Hande Fırat Yazdı: Milli Eğitim Bakanı açık açık o soruyu yanıtladı!

0
9

Hande Fırat, bugünkü köşesinde Yusuf Tekin’le olan röportajını paylaştı.

Hürriyet geleneksel sabah kahvaltısının konuğu Milli Eğitim Bakanı Yusuf Tekin’di. Özellikle müfredat çalışmaları ile ilgili açıklamalarını Aysel Alp’in haberinden okuyabilirsiniz.

Ben ise çok tartışılan “cemaat” meselesine gireceğim. Bakan Tekin’e açık açık “Siz cemaatçi misiniz?” diye sordum. Yanıtı şöyle oldu:

 

Hayır değilim. Sosyal medyaya bakıyorum, beni bütün cemaatlere yazdılar.

Benim geldiğim çizgi belli. Ben Milli Görüş geleneğinden geliyorum.

Herkesin kaçtığı bir dönemde demokratik ve siyasi mücadele tarafında yer aldım. Erbakan Hoca’ya saygım sonsuz.
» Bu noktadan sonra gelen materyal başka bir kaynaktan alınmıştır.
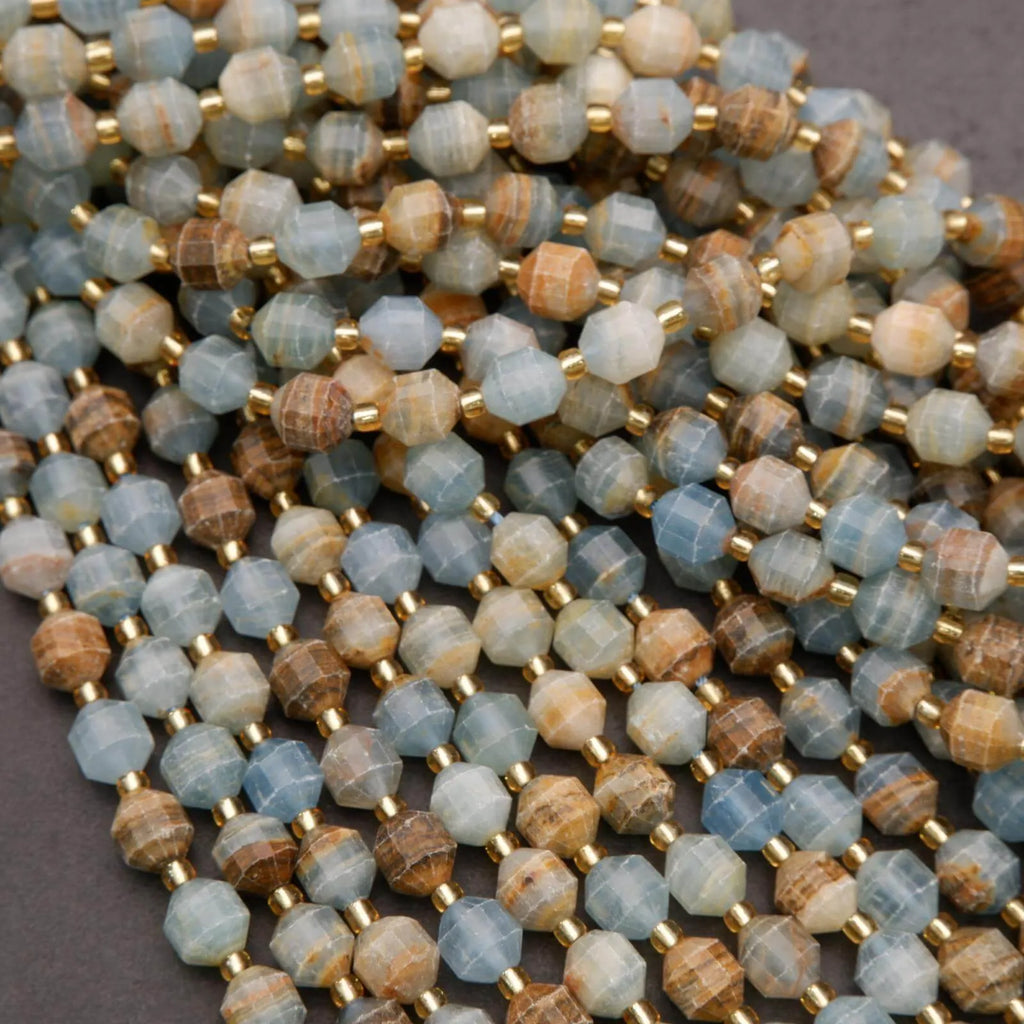 Close-up of a string of multicolored beads with gold spacers on a gray background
Akademisyenliği seçmem onun sayesindedir.”

Gelelim TBMM’de çok tartışılan ve Milli Eğitim Bakanı Tekin’i tarikat ve cemaatlerle yapılan protokollere sahip çıktığı iddialarına neden olan konuşmasına… Bakan bu konuda diyaloğun eksik yansıtıldığına dikkati çekerek, şu yanıtları verdi:

BEN HUKUK DEVLETİ SINIRLARI İÇİNDE HAREKET EDİYORUM

-“Milletvekilleri, ‘Siz cemaatlere ve tarikatlara para aktarıyorsunuz’ dedi. Ben de ‘Bakın, sizin önünüzde bizim bütçemiz var. Bana bütçemizden bir kalem gösterin. Ayırmış mıyız? Hayır ayırmamışız. Nereden çıkardınız bunu?’ yanıtını verdim. Protokol yapıyorsunuz dediklerinde ise ‘Evet biz sivil toplum örgütleriyle protokol yapıyoruz. Ama yaptığımız protokollerin hiçbirinde kamu otoriterine yani bakanlığa mali külfet yükleyen hiçbir hüküm yok’ sözüyle yanıtladım.
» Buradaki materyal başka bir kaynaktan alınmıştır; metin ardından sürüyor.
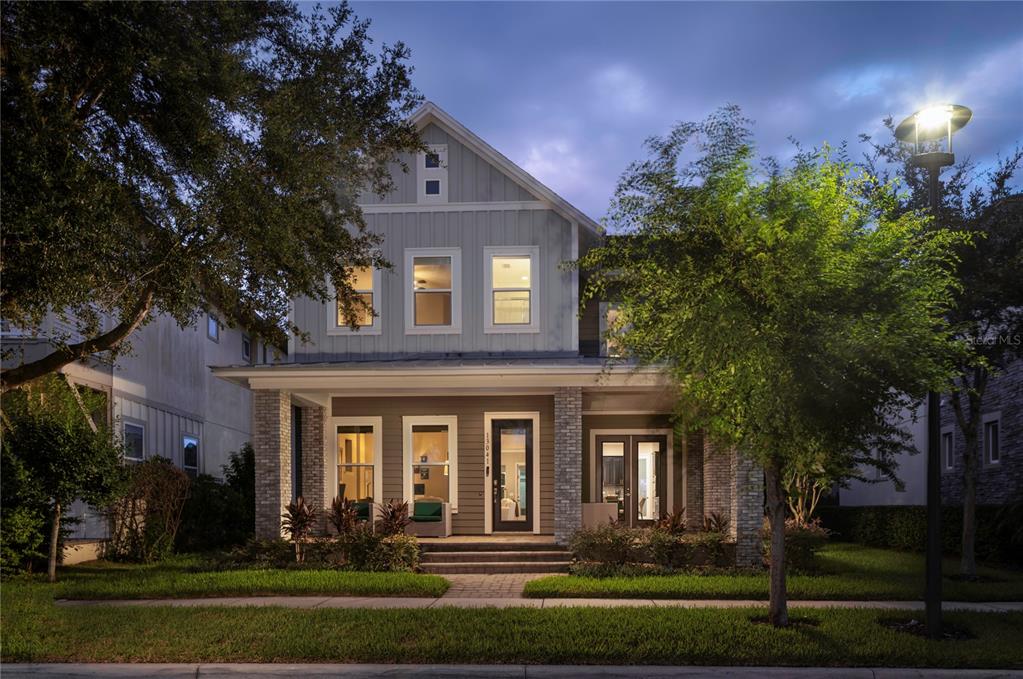 A two-story house with a front porch, gray siding, and stone pillars at dusk — 13041 GABOR AVENUE, ORLANDO, FL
– Protokollerimiz gönüllük esasına dayanır. Milli eğitimin temel amaçları protokolün ana çerçevesidir.

– Yasal düzenlemeler çerçevesinde protokol yapıyoruz. Ben hukuk devletinin sınırları içerisinde hareket eden birisiyim.

– Bizim devletimizde sivil toplum kavramını İçişleri Bakanlığımız tanımlıyor. Bunların mevzuatına göre kurulmuş yapılar sivil toplum örgütüdür. Ben STK’larla protokol imzalıyorum. Benim için bağlayıcı olan legal-hukuki sınırlar içerisinde faaliyet yürüten bir sivil toplum örgütü müdür? Değil midir? 4 bin civarında bizim protokolümüz var.
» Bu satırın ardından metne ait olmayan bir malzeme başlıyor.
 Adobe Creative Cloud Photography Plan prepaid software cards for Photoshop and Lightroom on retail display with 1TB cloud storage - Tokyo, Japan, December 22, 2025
– Bana yarın devlet derse ki ‘bu STK değildir, ben bununla ilgili karar aldım’ biz onunla protokol imzalamayız artık. Hukuken de imzalayamayız.

– Derneğin onayını İçişleri Bakanlığı veriyor, onun güvenlik araştırmasını yapar, denetler. Vakıflarla ilgili Vakıflar Genel Müdürlüğü bütün vakıfları rutin olarak denetler. Hukuka aykırı bir eylemi varsa kayyum atar, ceza verir. Bu süreç işlerse ben de protokolümü iptal ederim.

– Protokollerin içerisinde TOBB, Futbol Federasyonu, Voleybol Federasyonu gibi birçok yapı var.

– Mesela yaptığımız protokollerden bir tanesiyle  deprem bölgesindeki okullara kütüphane yapılıyor.”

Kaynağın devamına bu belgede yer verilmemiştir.